Make an exact copy of the records that follow, with each picture omitted.

◆ ◆ ◆ ◆

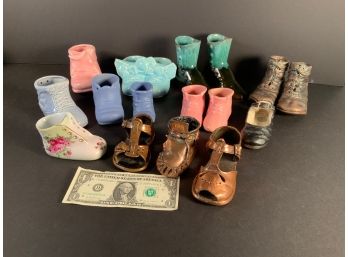 Collection Of Ceramic And Bronzed Baby Shoes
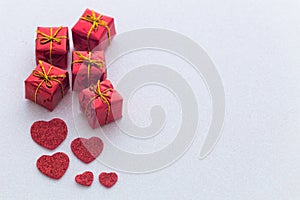 Decorative hearts and gift boxes with space for dedications for a loved one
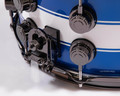 DW Collector's Maple Snare 7x14 White Rally Stripe on Blue Metallic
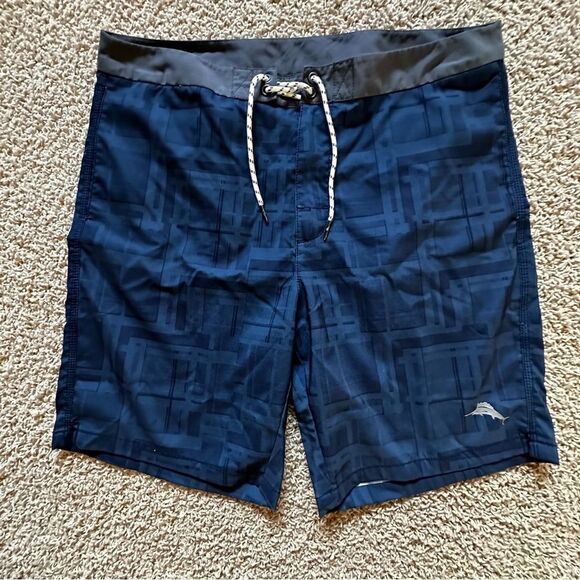 NWOT Tommy Bahama Blue/Gray Plaid Swim Trunks - Picture 1 of 6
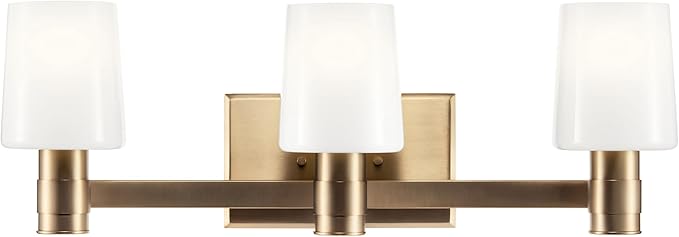 Kichler Adani 3-Light Vanity Light Fixture, Modern Bathroom Vanity Lighting with Opal Glass in Champagne Bronze for Bathroom or Powder Room Wall Mount (8.25" x 24"), 55176CPZ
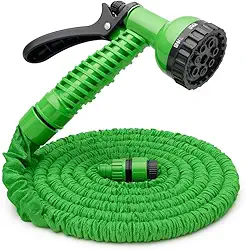 Mangueira Mágica Extensível, Retrátil, 5m até 15m com Esguicho 7 Funções e Conectores em Metal Resistente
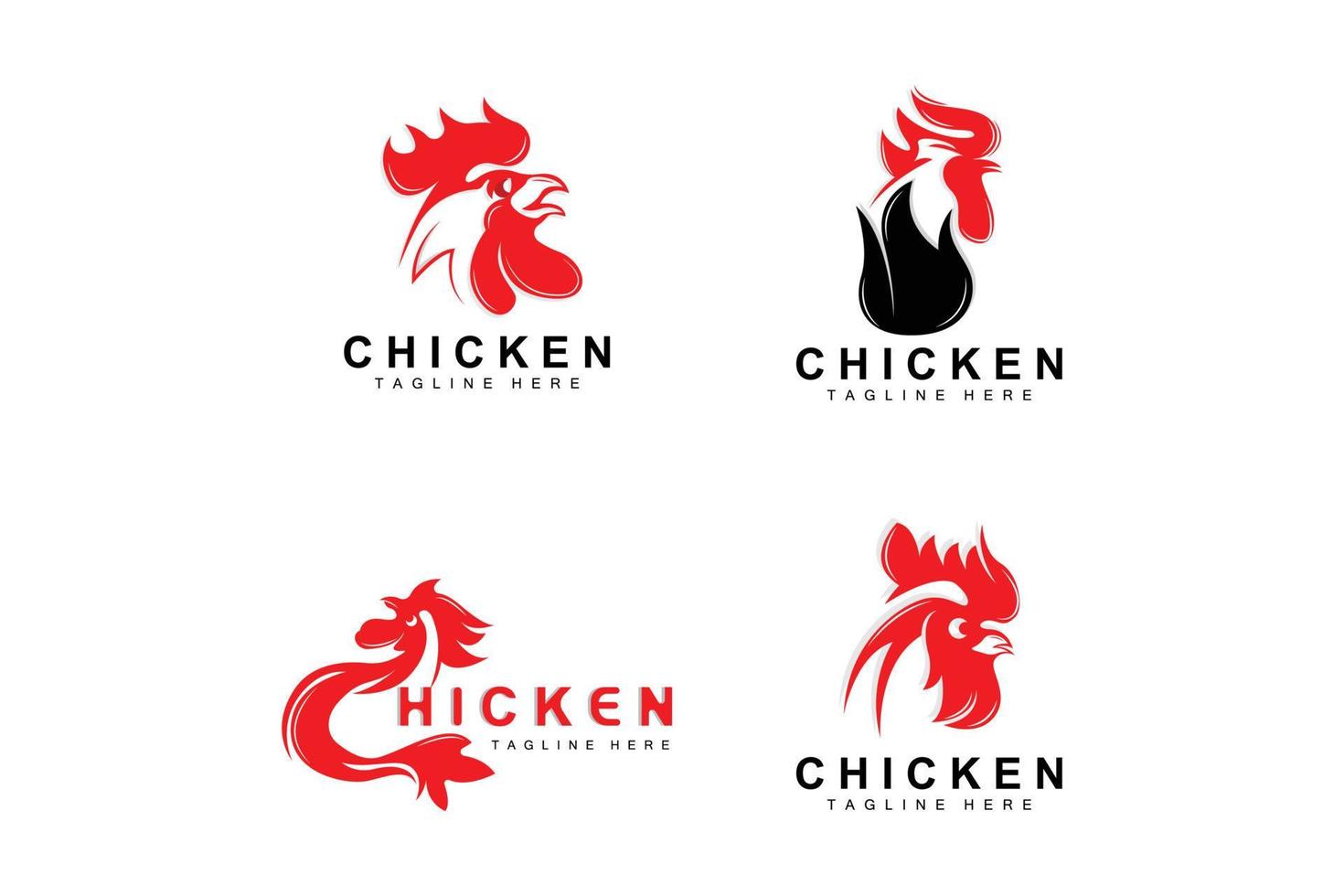 Grilled Chicken Barbecue Logo Design,Chicken Head Vector, Company Brand vector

◆ ◆ ◆ ◆

_Answer area_.
 Collection Of Ceramic And Bronzed Baby Shoes
 Decorative hearts and gift boxes with space for dedications for a loved one
 DW Collector's Maple Snare 7x14 White Rally Stripe on Blue Metallic
 NWOT Tommy Bahama Blue/Gray Plaid Swim Trunks - Picture 1 of 6
 Kichler Adani 3-Light Vanity Light Fixture, Modern Bathroom Vanity Lighting with Opal Glass in Champagne Bronze for Bathroom or Powder Room Wall Mount (8.25" x 24"), 55176CPZ
 Mangueira Mágica Extensível, Retrátil, 5m até 15m com Esguicho 7 Funções e Conectores em Metal Resistente
 Grilled Chicken Barbecue Logo Design,Chicken Head Vector, Company Brand vector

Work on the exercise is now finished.